I consider this argument to be unconvincing in the circumstances. In my view the respondent does not have a legitimate answer to the fact that it was agreed before the Tax Court that this application could be launched by 15 February 2011 and to the fact that it was timeously done.


[63] In the result. I am of the view that the relief sought in prayer 1.1 of the notice of motion should be granted, and I order accordingly.


The essence of the dispute between the parties

[64] The origin of the dispute is to be found in the wording of section 10 of the SBTA Act, and. more particularly, section 10(c).


It is convenient to quote the relevant passages:

"10. Circumstances where tax amnesty relief does not apply. - The

Tax amnesty relief does not apply in respect of any amount of tax, levy, contribution, interest, penalty or additional tax, to the extent that it-

(a)...

(b) ...

(c) is payable by the applicant in terms of an assessment issued by the Commissioner before the submission of the application; or

(d) ..."


[65] The application for amnesty was lodged (submitted) on 31 May 2007. This was after the 2007 assessments were raised in March of that year but before the 2008 assessments were raised in May of 2008. There is some uncertainty, judging by the evidence, whether the amnesty application was submitted on 31 May 2007 or on 28'May 2007. Nothing turns on this because it is common cause that the amnesty application was submitted, as intended by the provisions of section 10(c) of the SBTA Act ("section 10(c)") before the 2008 assessments were raised.

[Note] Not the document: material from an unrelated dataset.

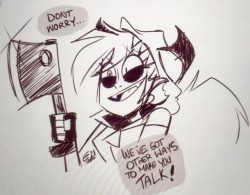 furtado-da-tomato:  Don’t mess with her!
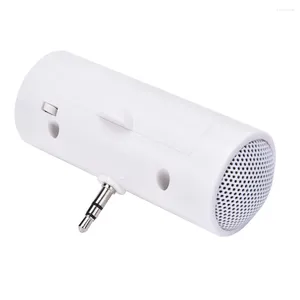 Microphones 3,5 mm en haut-parleur stéréo Mini Music Mp3 Player Loudspeaker pour mobile phonetableT PCS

[66] In the founding affidavit, tentative submissions are made to the effect that the date of promulgation of the amnesty legislation (in July 2006) is of relevance, but this is not the case, neither was any argument based on the date of promulgation pursued before me. Indeed, the persistent reference to the date of promulgation as being relevant to the enquiry, renders the founding affidavit confusing and flawed, although not fatally so.


[67] Although, somewhat surprisingly, the founding affidavit contains no reference to section 10(c), the basic argument is advanced that the 2008 assessments extend to certain taxes not previously "due" before the end of the 2006 income tax year of assessment, which taxes were covered by the scope of the amnesty granted in September 2008 (or perhaps in February 2008, as I previously explained, but this is not relevant for present purposes).


[68] In the replying affidavit, the applicant gets closer to the mark by specifically dealing with the provisions of section 10(c) and recognising that the issue for decision is whether the 2008 assessments include tax. interest, penalties or additional taxes not payable by the applicant in terms of assessments issued by the respondent before the submission of the amnesty application.


[69] In the replying affidavit, for the first time, the applicant makes mention of certain taxes which, according to him, were not raised in assessments issued before the amnesty application was lodged. I will return to this subject.


[70] In the opposing affidavit, the respondent emphatically denies that the income tax, additional tax. penalties and interest as raised in the 2008 assessments are covered by the scope of the amnesty granted.


The respondent submits that the 2008 assessments merely reduced the applicant's existing tax liabilities in respect of income tax. additional tax. penalties and interest in accordance with the partial allowance, supra, of the applicant's objections. The applicant only applied for amnesty in May 2007 and the assessments that were revised and reduced in 2007 and 2008 were raised as long ago as April 2006.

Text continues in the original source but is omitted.